- Directed and Edited by
- Denis Henry Hennelly & Casey Suchan
- Executive Producers
- Barry Poltermann, John Lyons Murphy, Chang Weisberg
- Additional Editing
- Barry Poltermann
Personifying the fierce independence and do-it-yourself spirit of the Hip Hop movement, festival producer Chang Weisberg puts everything on the line for his impossible dream of reuniting notorious no-shows The Wu-Tang Clan.
In July 2004, concert promoter Chang Weisberg organized a hip-hop festival in San Bernardino, California, headlined by the reunited Wu-Tang Clan, the legendary supergroup infamous for its no-shows on tour.
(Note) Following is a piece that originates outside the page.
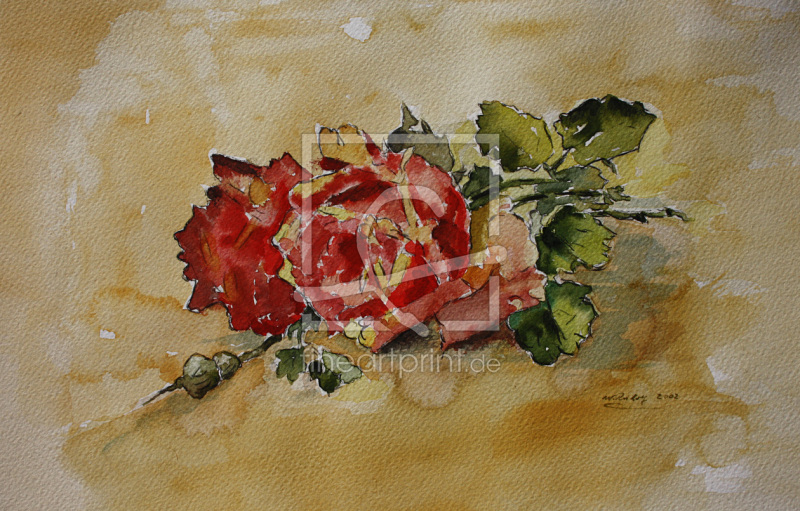 frei wählbarer Bildausschnitt für Ihr Bild auf Untersetzer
The RZA, the GZA, Ol’ Dirty Bastard, Inspectah Deck, Raekwon the Chef, U-God, Ghostface Killah, and Method Man, plus unofficial member Cappadonna: It was a gathering of the gods, nearly as inconceivable as a set by the Beatles, including the dead ones. Corralling every member of this supremely unreliable crew onto the same stage at the same time was challenge enough; nailing down Big Baby Jesus qualified as a superhuman achievement even before the notoriously unpredictable MC holed up in his hotel room, immobilized on crack.
Whether Ol’ Dirty can get his shizat together long enough to rock the mic (or just stand up without help) is the least of Weisberg’s problems in Rock the Bells, an electrifying, occasionally terrifying documentary by filmmakers Denis Henry Hennelly and Casey Suchan.